- **Work instruction**: Ignoring the pictures, repeat every entry below exactly as it appears.

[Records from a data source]
▬▬▬▬▬▬
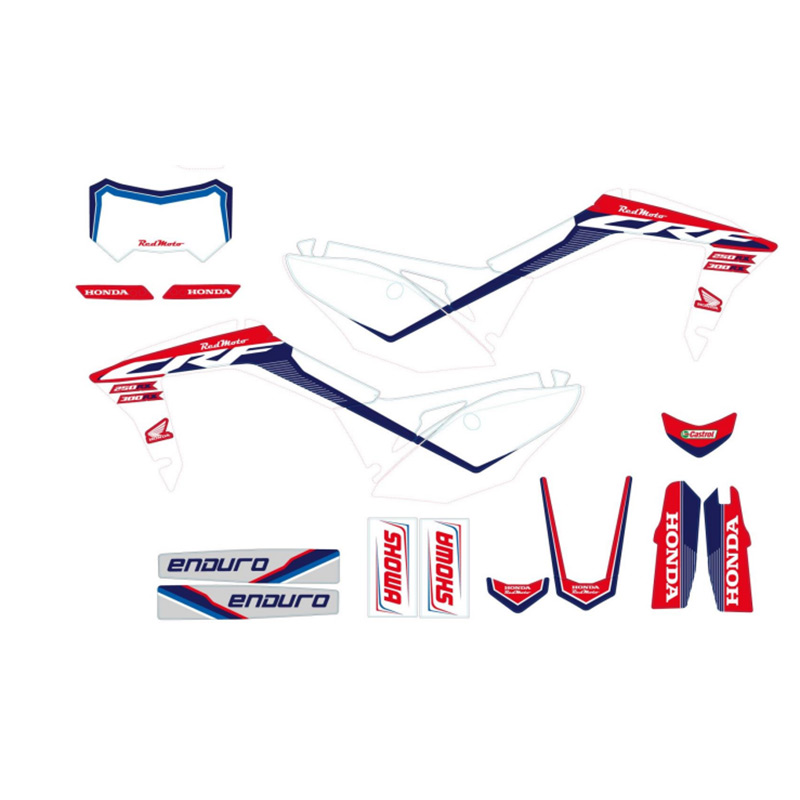 KIT DECO HONDA REDMOTO 300 CRF RX 2021
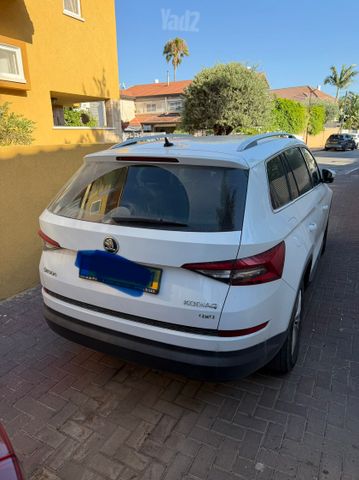 מודעת רכב סקודה קודיאק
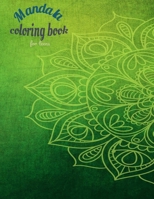 mandala coloring book for teens: // find your inner calm and creativity through 32 patterns// B08RT2SWFP Book Cover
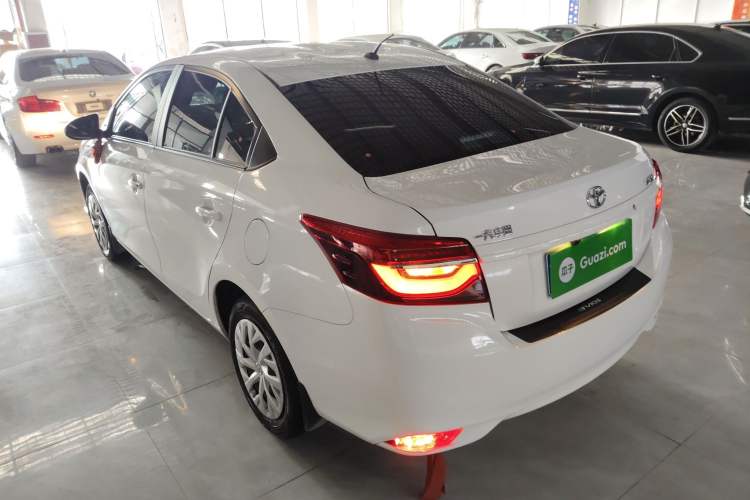 Used Toyota Vios 2021 1.5L CVT Innovation Edition Exterior 2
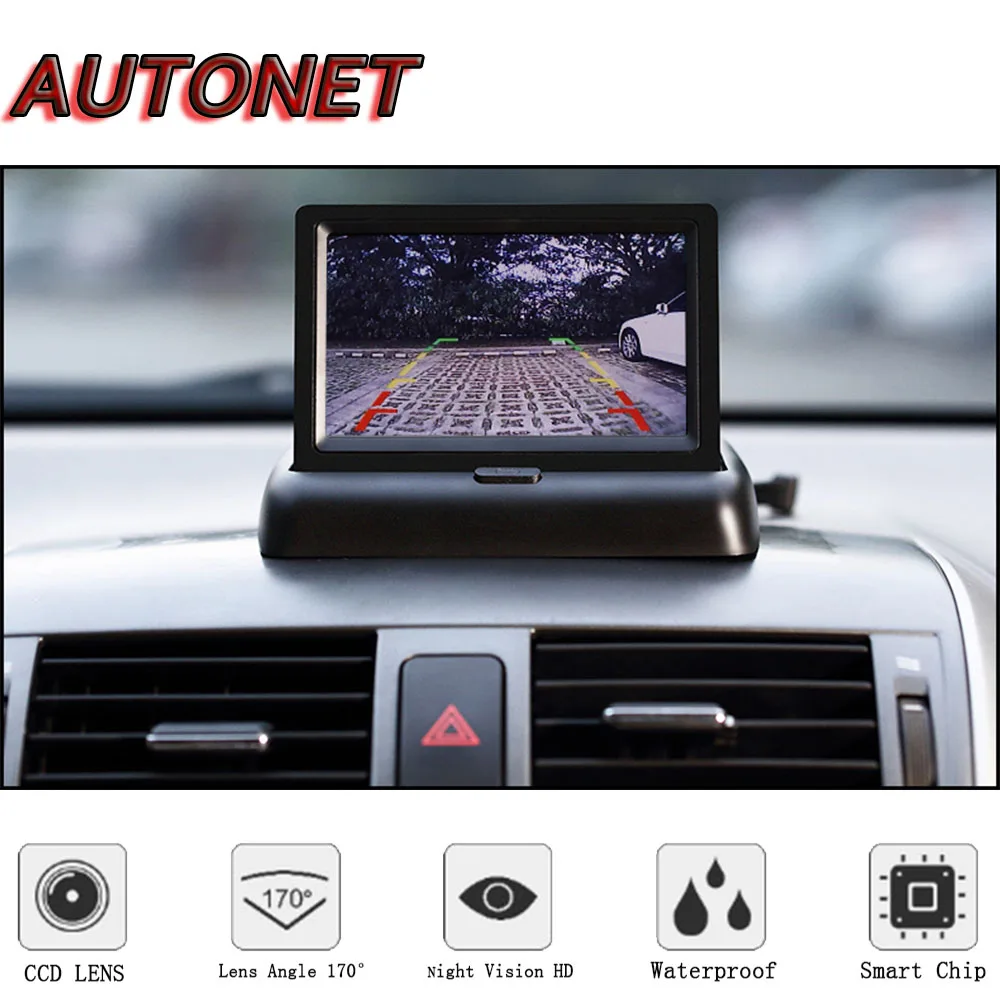 Monitor TFT AUTONET 4.3" para cámara trasera - imagen 2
▬▬▬▬▬▬
- **Exercise solution**:
 KIT DECO HONDA REDMOTO 300 CRF RX 2021
 מודעת רכב סקודה קודיאק
 mandala coloring book for teens: // find your inner calm and creativity through 32 patterns// B08RT2SWFP Book Cover
 Used Toyota Vios 2021 1.5L CVT Innovation Edition Exterior 2
 Monitor TFT AUTONET 4.3" para cámara trasera - imagen 2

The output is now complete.